The Penguins didn’t scramble the Boston defense with shots, nor did they get enough screens to take away Vladar’s eyes. Chalk it up to inexperience in that type of game.
When the Penguins got at Vladar down low, they nearly scored, but it’s a unique mindset to get to the net and bulldoze whatever is there consistently. It’s an intricate game requiring as much skill as the pretty puck work around the zone.
The good news is–the Penguins battled. The bad news–Boston outmuscled them in two games. In a playoff series, the Bruins showed they would have the advantage. Can the Penguins handle seven games of this? Jarry stole Game 1. Injuries may have cost the Penguins Game 2, but don’t bank on Boston being so inept offensively for much longer.
Pittsburgh Penguins Report Card
Casey DeSmith: A
DeSmith played very well. Surprisingly well, actually. He made the key saves and kept the Penguins in the game despite a bevy of high-danger chances.
Mark Jankowski: ?
I’m at a loss. Between you and me, he had energy and some purpose to his game, but it was a flatline offensively.
Colton Sceviour: A
The Penguins fourth-liner also had some jump and a little offensive spark. He was playing well in the offensive zone, moving well, and getting good looks. Sceviour lacks the finish to be anything more than a fourth-liner, but he did a pretty good job on Tuesday.
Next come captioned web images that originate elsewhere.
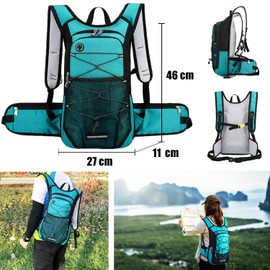 Fahrradrucksack 13L mit Trinkblase 2L MTB Rucksack Wasserdichter Laufrucksack Trinkrucksack für Damen Herren Sportrucksack Hydration Reiserucksack für MTB Mountainbike Ski Outdoor Sport (Grün)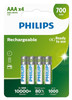 Philips AAA 700 mAh NiMH Rechargeable Batteries. 4 Pack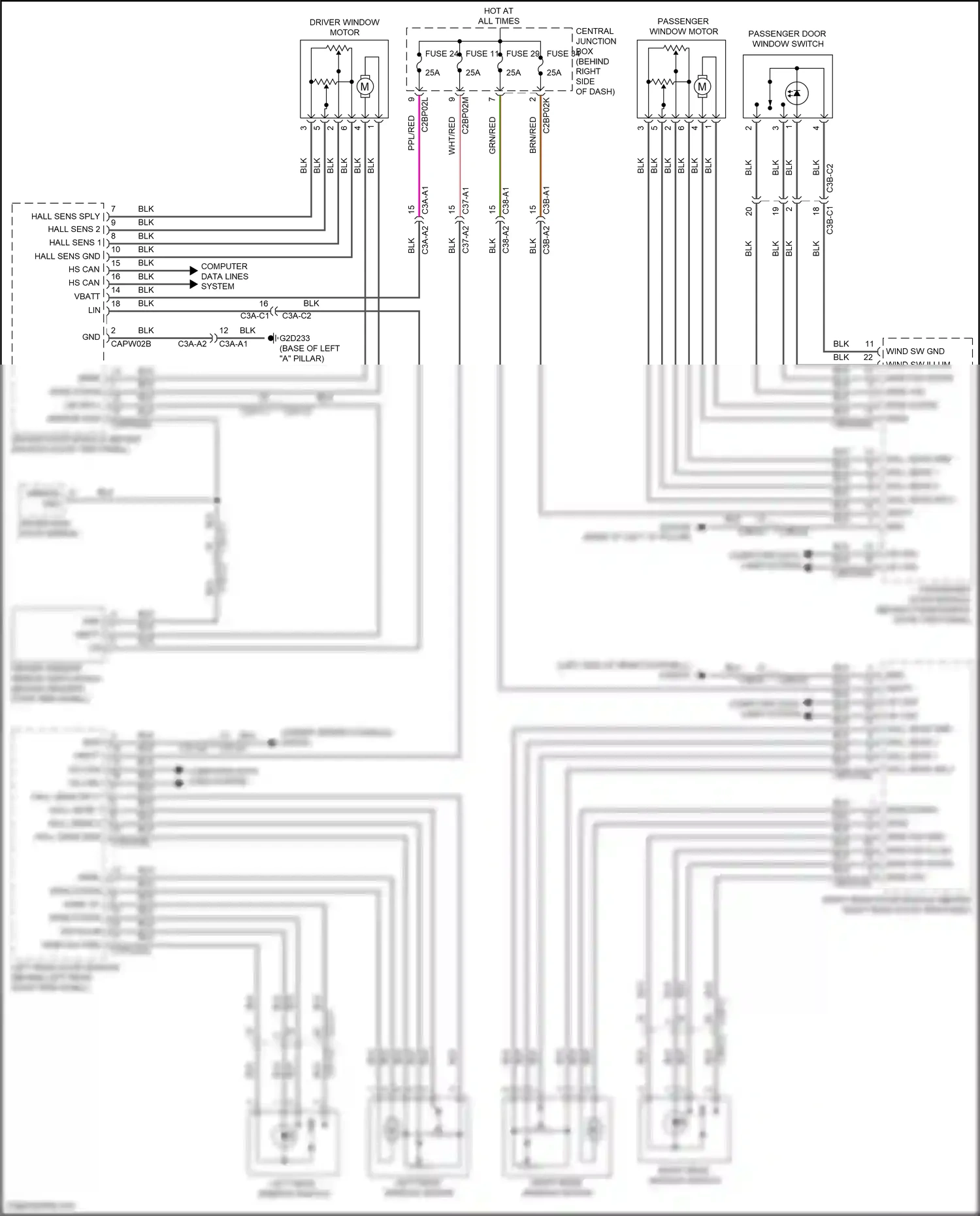 Wiring diagram driver window mirror switchpack for Land Rover Discovery L462 (2016-2020) (3 of 3)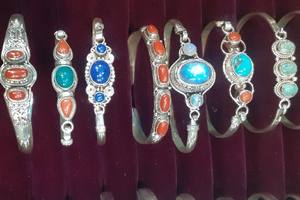 Mix Stone Classic Sterling Silver Cuff Bracelets with Amethyst Gift - Product Image 3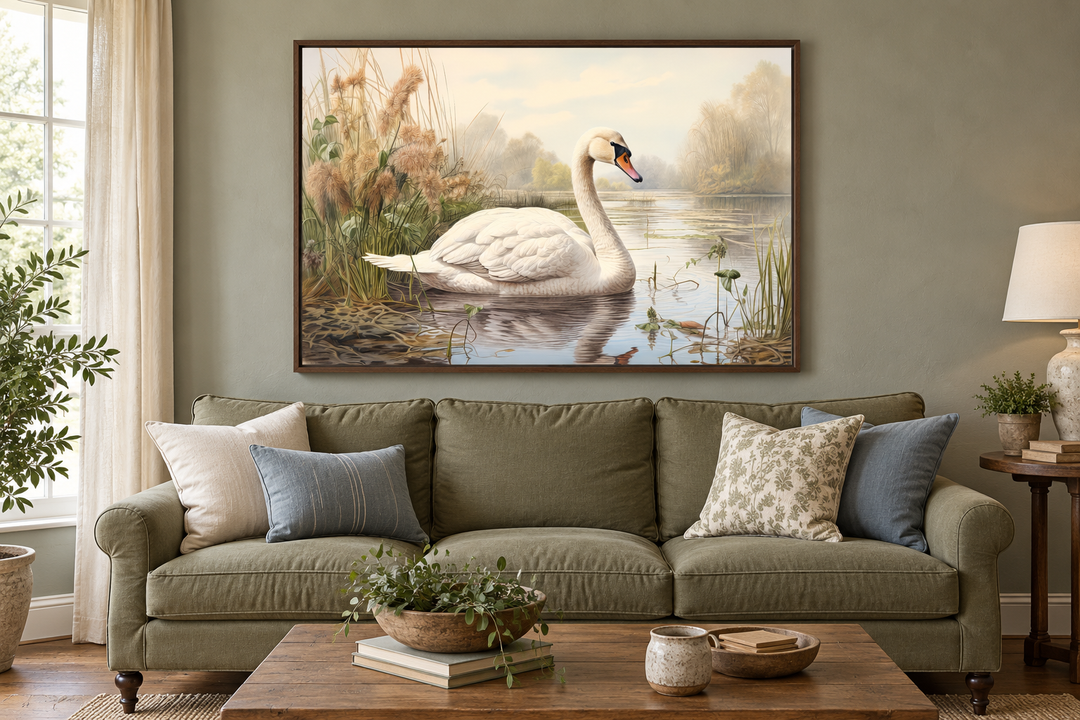 White swan in a lake vintage style framed canvas wall art hanging above a green sofa.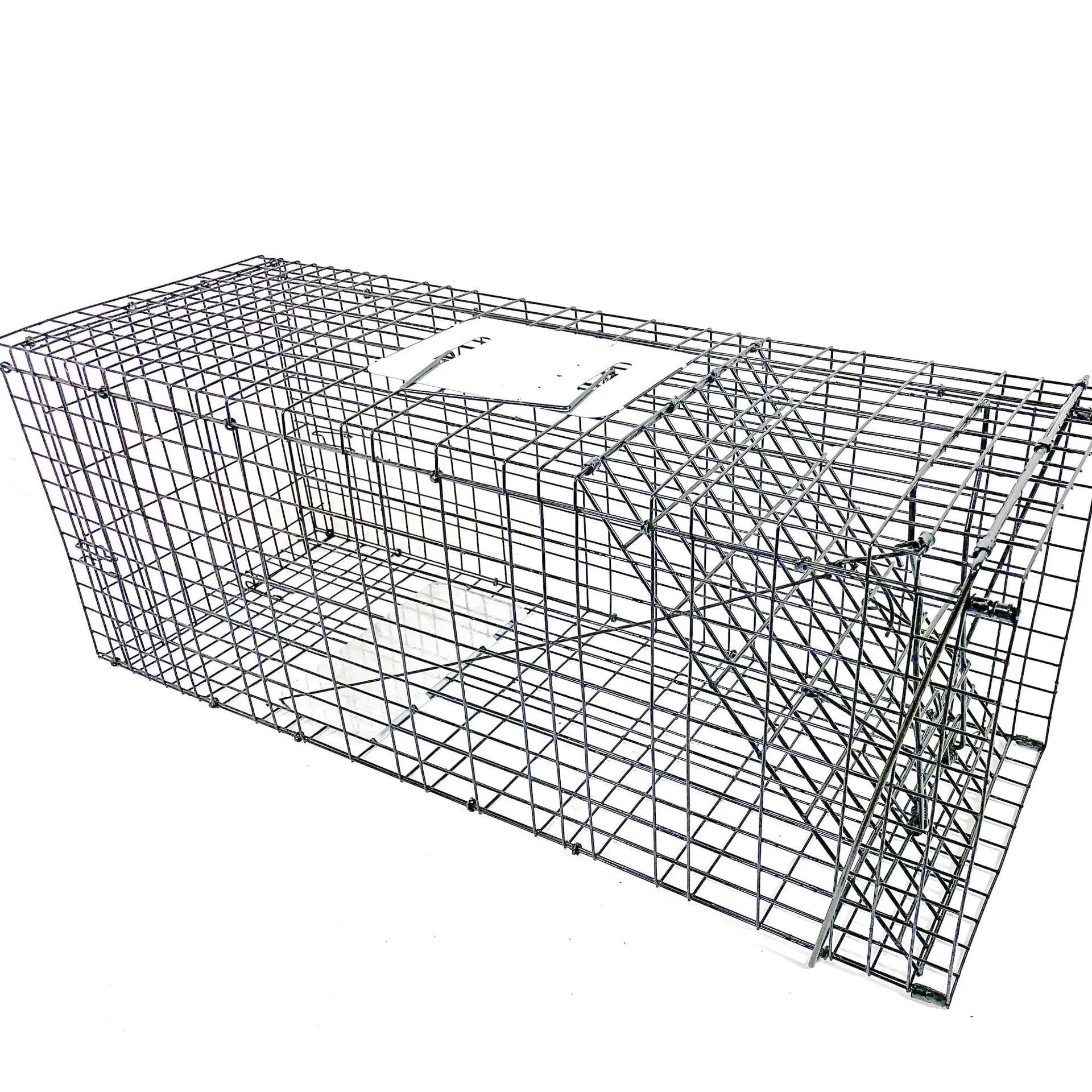 Fully automatic foldable galvanized steel cat trap cage with pedal mechanism, black finish, 60x20x18cm size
He had four shots and two hits.
Sidney Crosby: A
Crosby fought through a sea of Bruins, including multiple-time Selke trophy-winning defender Patrice Bergeron. Crosby was tied for the team lead with five shots. He had two takeaways and won a majority of his draws.
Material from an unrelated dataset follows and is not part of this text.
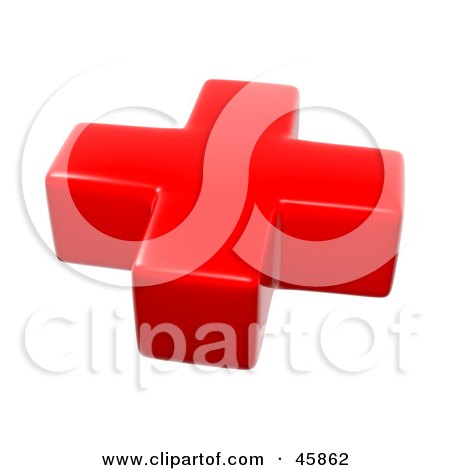 Royalty-free (RF) Clipart Illustration of a Red 3d First Aid Cross On White by ShazamImages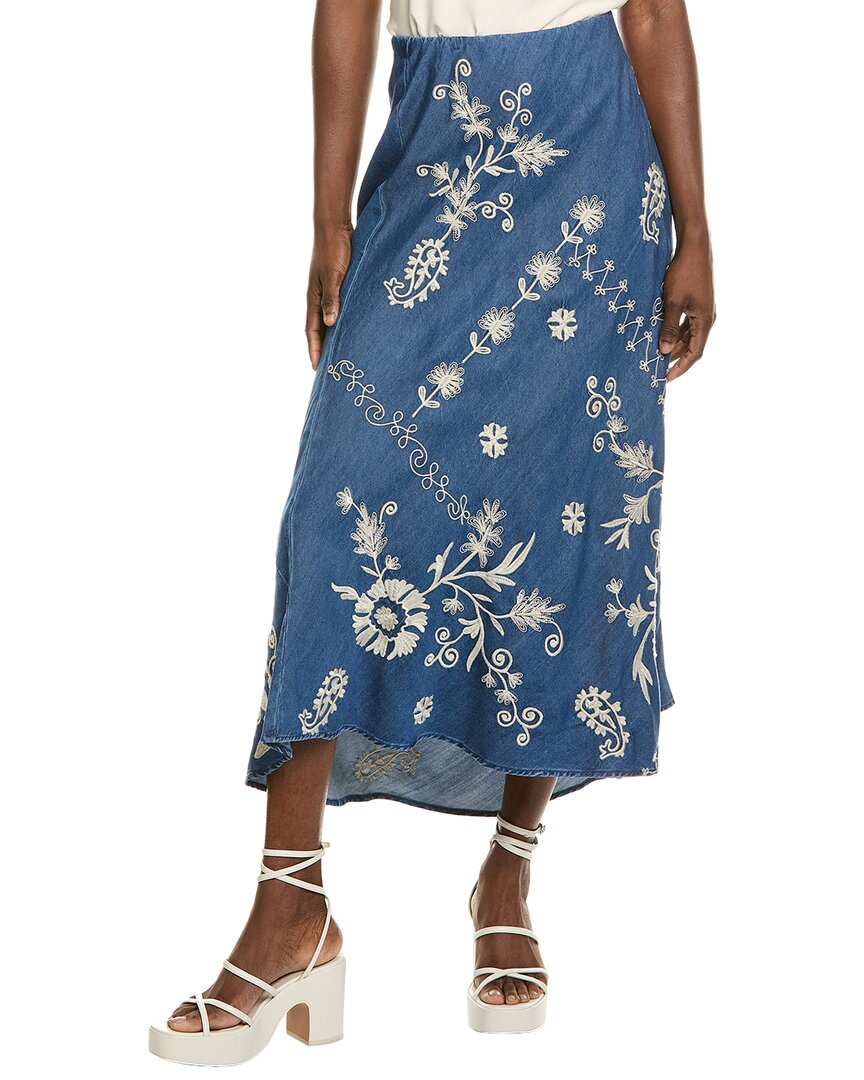 Johnny Was Bias Maxi Skirt In Blue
Boston packed the box so tightly that I’m not sure a 105mph Zdeno Chara slapshot on fire could have cleared space.
Kris Letang: B+
Letang had only two shots get through traffic, but Boston blocked three. He had four giveaways, but none became harmful. Letang also had two takeaways and six hits. He was all over the ice. If there was one player who had a good shot at getting the puck into the dirty areas, it was Letang.
Mike Matheson: B+
The Penguins coaches gave him a bump up to the top pairing multiple times. Matheson had a few bobbles with the puck as he tried to escape the Boston forecheck, but his mandate was clear: provide offense. He couldn’t find it either but note that Matheson got the tap.
Anthony Angello: A
I have questions about whether Angello is quick enough for the NHL game but there is no question he is a noticeable presence. He is fighting for a job and fighting hard. As a winger, he’s largely dependent on a center to get the puck to the net or distribute it. He also has to improve his net-front presence–but he’s clearly making an effort. His game is noticeable for good reasons. He got a couple of whacks on the doorstep on Tuesday night. Those will eventually go in, probably.
*Sorry for the shortened and rushed (and late) report card. Too many stories following the game, including Sidney Crosby’s low-key callout of the NHL.